TASK:
Each line of the entries, from the first to the line containing "Piccoli 150cm 4", is to be transcribed exactly as it stands; include no other lines.

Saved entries
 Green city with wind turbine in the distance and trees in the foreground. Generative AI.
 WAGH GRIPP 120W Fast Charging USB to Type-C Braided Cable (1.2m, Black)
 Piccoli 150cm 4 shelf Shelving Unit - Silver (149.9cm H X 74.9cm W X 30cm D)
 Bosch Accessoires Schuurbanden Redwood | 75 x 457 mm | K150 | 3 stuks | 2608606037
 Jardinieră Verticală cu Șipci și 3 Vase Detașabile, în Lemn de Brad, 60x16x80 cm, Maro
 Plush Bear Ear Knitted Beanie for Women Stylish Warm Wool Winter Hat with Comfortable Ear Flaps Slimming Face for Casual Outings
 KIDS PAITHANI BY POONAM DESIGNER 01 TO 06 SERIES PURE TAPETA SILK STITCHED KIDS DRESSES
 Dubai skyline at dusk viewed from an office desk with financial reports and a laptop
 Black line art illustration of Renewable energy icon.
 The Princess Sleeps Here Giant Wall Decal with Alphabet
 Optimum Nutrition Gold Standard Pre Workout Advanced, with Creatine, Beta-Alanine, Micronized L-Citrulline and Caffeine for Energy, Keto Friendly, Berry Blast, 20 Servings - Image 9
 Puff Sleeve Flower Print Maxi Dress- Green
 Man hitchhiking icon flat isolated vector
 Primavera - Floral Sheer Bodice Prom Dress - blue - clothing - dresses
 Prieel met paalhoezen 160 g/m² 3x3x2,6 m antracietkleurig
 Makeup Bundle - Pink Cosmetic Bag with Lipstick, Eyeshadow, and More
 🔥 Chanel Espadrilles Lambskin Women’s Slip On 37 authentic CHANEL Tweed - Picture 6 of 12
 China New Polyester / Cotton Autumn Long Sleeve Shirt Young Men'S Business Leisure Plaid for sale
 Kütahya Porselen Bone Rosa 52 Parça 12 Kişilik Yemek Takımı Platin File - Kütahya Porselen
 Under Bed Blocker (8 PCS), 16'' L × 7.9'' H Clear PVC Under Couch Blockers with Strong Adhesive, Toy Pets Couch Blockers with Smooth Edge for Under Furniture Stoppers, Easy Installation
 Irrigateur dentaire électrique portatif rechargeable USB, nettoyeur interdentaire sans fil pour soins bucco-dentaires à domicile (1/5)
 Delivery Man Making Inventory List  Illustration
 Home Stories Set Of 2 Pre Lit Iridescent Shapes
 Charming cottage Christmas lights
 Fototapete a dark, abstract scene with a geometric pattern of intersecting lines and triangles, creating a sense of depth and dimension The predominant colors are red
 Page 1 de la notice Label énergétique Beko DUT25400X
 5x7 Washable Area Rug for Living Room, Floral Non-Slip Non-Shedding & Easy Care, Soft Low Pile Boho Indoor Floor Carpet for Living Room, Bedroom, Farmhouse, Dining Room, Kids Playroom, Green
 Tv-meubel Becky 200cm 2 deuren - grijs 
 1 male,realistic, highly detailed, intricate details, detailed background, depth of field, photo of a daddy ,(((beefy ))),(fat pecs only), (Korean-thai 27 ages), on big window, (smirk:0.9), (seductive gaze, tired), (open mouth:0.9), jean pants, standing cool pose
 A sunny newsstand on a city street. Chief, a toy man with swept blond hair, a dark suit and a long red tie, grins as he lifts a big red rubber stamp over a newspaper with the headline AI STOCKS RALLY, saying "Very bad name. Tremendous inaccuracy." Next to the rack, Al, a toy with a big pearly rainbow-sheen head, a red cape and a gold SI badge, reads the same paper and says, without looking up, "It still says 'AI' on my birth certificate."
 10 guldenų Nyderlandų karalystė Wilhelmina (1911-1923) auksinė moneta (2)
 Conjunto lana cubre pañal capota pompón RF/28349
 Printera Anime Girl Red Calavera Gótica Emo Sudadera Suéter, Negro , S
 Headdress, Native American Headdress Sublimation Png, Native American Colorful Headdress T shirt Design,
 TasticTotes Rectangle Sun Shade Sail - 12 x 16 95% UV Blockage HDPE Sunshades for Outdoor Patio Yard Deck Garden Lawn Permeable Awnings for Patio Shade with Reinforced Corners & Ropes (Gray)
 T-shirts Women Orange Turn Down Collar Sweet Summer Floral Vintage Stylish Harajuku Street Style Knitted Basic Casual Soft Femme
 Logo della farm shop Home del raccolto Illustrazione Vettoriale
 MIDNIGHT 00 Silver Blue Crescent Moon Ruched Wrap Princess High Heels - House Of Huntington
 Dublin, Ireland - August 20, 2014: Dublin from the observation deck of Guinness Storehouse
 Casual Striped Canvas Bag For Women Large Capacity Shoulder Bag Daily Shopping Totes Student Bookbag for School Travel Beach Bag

EXERCISE ANSWER:
 Green city with wind turbine in the distance and trees in the foreground. Generative AI.
 WAGH GRIPP 120W Fast Charging USB to Type-C Braided Cable (1.2m, Black)
 Piccoli 150cm 4 shelf Shelving Unit - Silver (149.9cm H X 74.9cm W X 30cm D)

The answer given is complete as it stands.